Self-Hosted on EC2

Deploy a fully self-hosted Valohai installation on AWS EC2 with all components in your environment

Deploy the complete Valohai platform inside your AWS environment. This guide covers installing both the Application Layer and the Compute & Data Layer in your AWS account.

A self-hosted installation allows you to run all components of Valohai inside your own network. Users will access a version of Valohai hosted by you, not app.valohai.com.

Updates to the platform are delivered through Docker images.

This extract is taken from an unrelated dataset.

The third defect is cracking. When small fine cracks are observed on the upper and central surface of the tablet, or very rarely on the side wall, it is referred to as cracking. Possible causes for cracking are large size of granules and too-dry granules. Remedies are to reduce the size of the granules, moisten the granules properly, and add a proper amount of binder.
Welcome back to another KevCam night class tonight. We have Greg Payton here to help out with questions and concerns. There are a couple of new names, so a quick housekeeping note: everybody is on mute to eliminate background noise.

Consider hybrid first: Most organizations use hybrid deployment where Valohai manages the application layer. Self-hosted requires additional operational overhead.

What Gets Deployed

The following tables show the default configuration values.

Security Groups

Security Group

Purpose

Inbound Rules

Outbound Rules

valohai-sg-workers

Worker instances executing ML jobs

SSH from admin IPs (optional, for debugging)

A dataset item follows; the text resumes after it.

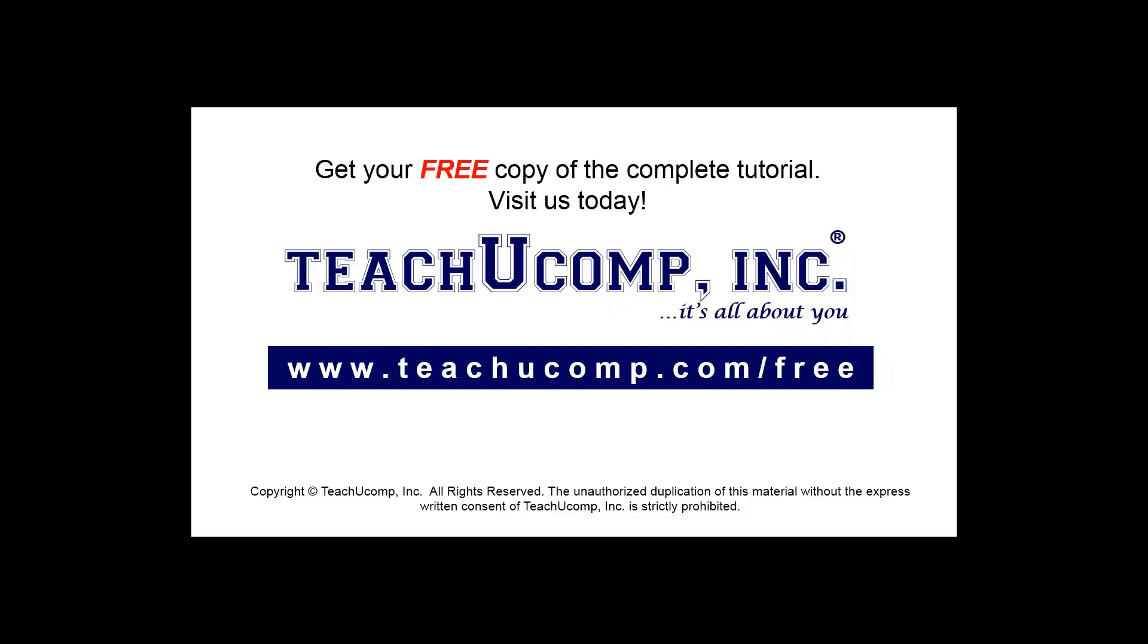Get your free copy of the complete tutorial at www.teachucomp.com/free.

Allow all (or block if ML jobs should not access public internet)

valohai-sg-master

Valohai web application instance

• Port 22 from admin IPs • Port 80 from load balancer

Access to database, queue, and internet

valohai-sg-database

PostgreSQL database

Port 5432 from valohai-sg-master

None

valohai-sg-queue

Redis queue

Port 6379 from valohai-sg-master and valohai-sg-workers

None

valohai-sg-loadbalancer

Application load balancer

Port 443 from 0.0.0.0/0 (HTTPS from users)

Port 80 to valohai-sg-master

Core Services

Service

Purpose

Specifications

EC2 Instance (valohai-roi)

Hosts Valohai web application, deployment image building, and scaling services

• Instance type: m5a.xlarge (4 vCPUs, 16GB RAM) • OS: Ubuntu 22.04 LTS • Storage: 32GB

RDS PostgreSQL

Stores user data and execution metadata (who ran what, when, with which configuration) Does not store actual content (data, code, models)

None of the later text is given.